As the dancers arrive in their progressed places at the top of the set, they take hands four in a circle and circle halfway to the left (clockwise). That will leave them like this:
L1 G1
L2 G2
The dancers should not open out into their lines but immediately slip into a closed ballroom hold and polka counter-clockwise back to places, starting with their normal first foot (gentleman's left/lady's right). With only four bars to do it this is more reversing the line than making a circle, and the couples should try to change places fast enough for the fourth bar to be devoted to separating in order to be ready for the next figure. Three bars of turning should leave the dancers more-or-less on proper sides; the four bar of separating can be used to fix any minor location problems.
The final half-promenade and half right and left to places are as previously described.
Steps
One could make a reasonable case for using polka steps, especially in a casual "hop-slide-close-slide" style, for the entire dance. I would certainly use them for the coming up the outsides after the polka down, to help the dancers cover territory quickly. But for the rest of the dance, they are not really necessary and may provide more travel than there is really room for unless the set is very widely-spaced. So I would keep the initial balance in the Jenny Lind as a three-steps-and-close forward and back and use walking steps for all other figures. I fully expect that dancers feeling particularly enthusiastic and energetic will ignore this and polka throughout.
Other Notes
1. In Gems of the Ball Room, the Jenny Lind Polka is given as a dance to be performed six times by a six couple set, which is common in that source but which I don't see as a particularly necessary restriction. It also has an extra eight bars of figures: a ladies' chain has been inserted before the half-promenade. Since no other source shows this and since it would make the dance a non-standard forty-bar length, I regard it as an error.
2. In Howe's Complete ball-room handbook (1858) there is no asterisk or note about formation; perhaps in later books Howe realized there might be confusion and added the extra guidance. But there is a note that does not appear in any other work that the dance can end with all couples polking round the hall. If the dancers are accomplished at polka, I think that's a great way to end either dance.

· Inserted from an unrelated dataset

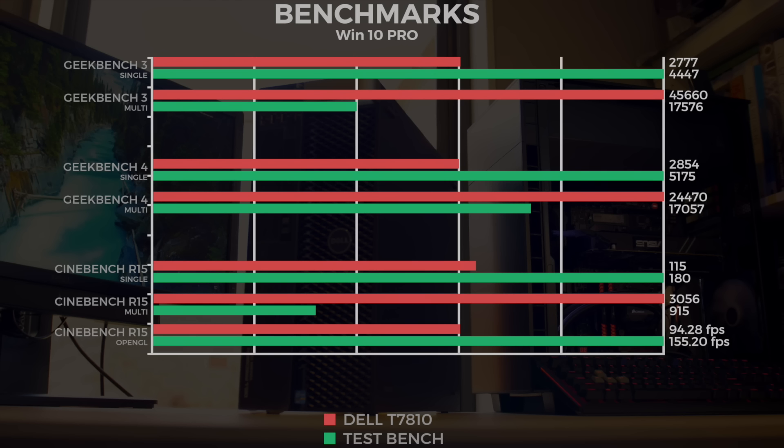Jumping onto some Geekbench tests. We ran Geekbench 3 single-core: the 6700K scored 4400 and the Dell Precision scored around 2700. Multi-core: the Dell Precision did 45,600 and the 6700K did 17,500 — more than double. On Geekbench 4, single-core: the test bench scored 5100 and the Dell Precision 2854. Multi-core: the Dell Precision did 24,400 and the test bench 17,000. So with Geekbench 4 we really saw that multi-core gap come down, and we'll see if that's reflected in the next tests.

3. If the dancers are not accomplished at polka, it's a reasonable adaptation to change the turning polkas into promenades using polka steps.
Music
"Jenny Lind Polka" seems to have been popular and remains known among traditional musicians today. Here's award-winning fiddler Vivian Williams and her husband Phil (both accomplished music and dance historians as well!) performing it:
Sheet music for it is easy to find. Here's an arrangement published by Howe in his 1859 Drawing Room Dances. It was included there as music for a polka quadrille figure; ignore the figures printed with it.
An 1846 arrangement in a different key by Allen Dodworth which neatly fits a thirty-two-bar dance may be found at the Library of Congress website. A modern arrangement appears in The Civil War Ballroom Band Book by the dance band Spare Parts, which also has a recording of it on the album The Civil War Ballroom. A web search will easily turn up more arrangements. There is another recording on the Grandview Victorian Orchestra's album Elegant Music from Times Gone By. Both recordings are meant for dancing a polka, not a contra dance, and would need to be looped to be long enough.
"German Polka" is a bit more of a mystery. Here's the tune Howe published by that name in his Musicians Omnibus, No. 2 (1863); click each image to enlarge:
Presumably that was the tune he had in mind for the dance. But I haven't been able to find a period arrangement or recording of it, so those wishing to use that tune will have to work from this single staff. Given how similar the two sets of dance figures are, I wouldn't have a problem just using "Jenny Lind Polka", or any other polka with a workable repeat structure.